Authors and publishers of select Kindle e-books will soon be able to earn royalties as high as 70 percent of a title’s list price, net of delivery costs, under a new plan announced by Amazon on Wednesday.
The new option will be available starting June 30 for in-copyright Kindle books whose list price is both between US$2.99 and $9.99 and at least 20 percent below the lowest list price for the physical book, Amazon stipulates; at launch, it will also be available only for books sold within the United States.
“Today, authors often receive royalties in the range of 7 to 15 percent of the list price that publishers set for their physical books, or 25 percent of the net that publishers receive from retailers for their digital books,” explained Russ Grandinetti, vice president of Kindle Content.
Up From 35 Percent
The new 70 percent plan will provide an alternative for Kindle Digital Text Platform (DTP) authors and publishers, but it won’t replace Amazon’s current standard royalty percentage of 35 percent, which will still be an option. For authors backed by publishing companies, that percentage is typically shared.

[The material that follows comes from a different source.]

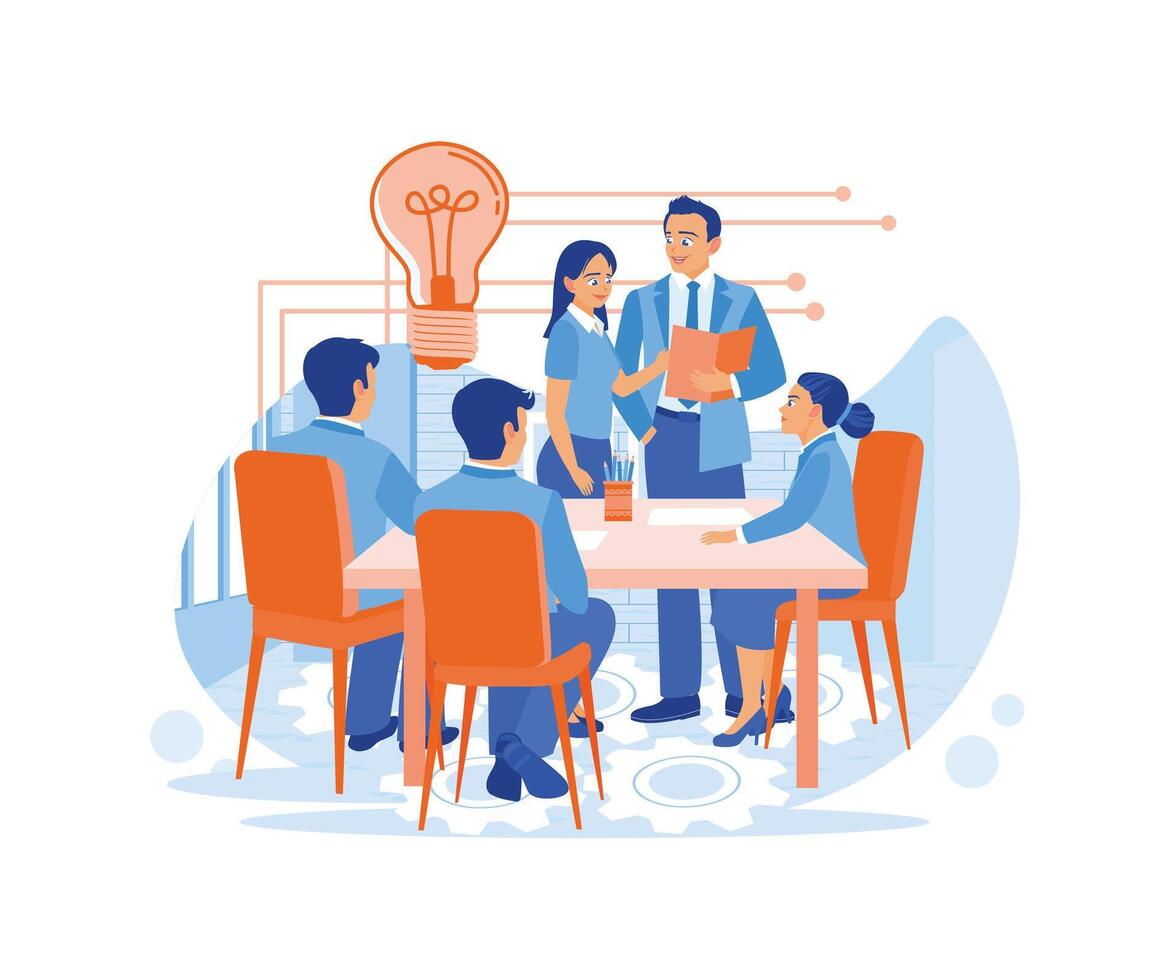 The boss has a meeting with colleagues in the office. Discuss new business ideas and find solutions for new projects. Discuss Information concept. trend flat vector modern illustration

Books from authors and publishers who choose the 70 percent royalty option will have access to all the same features and be subject to all the same requirements as books receiving the standard royalty rate, Amazon said.
Using the new royalty program, however, authors and publishers can earn more on every sale.
Given Amazon’s delivery cost of $0.15 per megabyte and the current median DTP e-book file size of 368KB, delivery costs amount to less than $0.06 per unit sold for an average e-book, Amazon said. For an $8.99 e-book, then, a self-publishing author would make about $3.15 under the standard option but $6.25 under the new 70 percent plan.
‘Amazon Feels Like an Underdog’
“This is clearly a preemptive strike against the Apple tablet,” Paul Gillin, blogger, podcaster and author of The New Influencers, told the E-Commerce Times.
Indeed, the announcement comes exactly a week before Apple is expected to unveil its forthcoming tablet device, which will likely compete head-on with Amazon’s Kindle and other e-readers.
Apple’s tablet, in fact, is one of several that are expected to be announced in the coming months; Freescale, for example, recently unveiled its own reference design.
Apple’s device will likely be integrated with iTunes, Gillin noted, giving Apple immediate access to “lots of authors and publishers who will want to go that way.”
Despite being three years ahead in the e-reader market, “Amazon feels like an underdog,” he said.
An ‘Ace in the Hole’
Amazon’s higher royalties on lower-priced e-books target smaller authors and publishers, which many consider to represent “the future of publishing,” Gillin noted.
The self-publishing arena, in fact, is one “ace in the hole” that Apple doesn’t yet have, so it makes sense Amazon is trying to “make nice” with such content producers.
Yet tablets will further legitimize self-publishing, so Amazon needs to make sure it is the “platform of choice for small publishers,” he concluded.
‘Amazon Wants to Be in Front’
Amazon is trying to “make sure it’s ahead of the curve before Apple gets involved,” agreed Kurt Scherf, vice president and principal analyst with Parks Associates.
This move “brings them more smaller publishers” and is likely an attempt to “lock in the ‘long tail’ of the content,” Scherf told the E-Commerce Times. “It’s a volume and scale issue, which of course Amazon already knows well.”
In the bigger picture, Amazon and others are “facing the challenge that Apple set the model for music and video” with its iTunes platform, he added. “They don’t want that to happen again.”
As new e-readers emerge, “clearly we will be looking at newspaper deals on these devices as well,” he pointed out.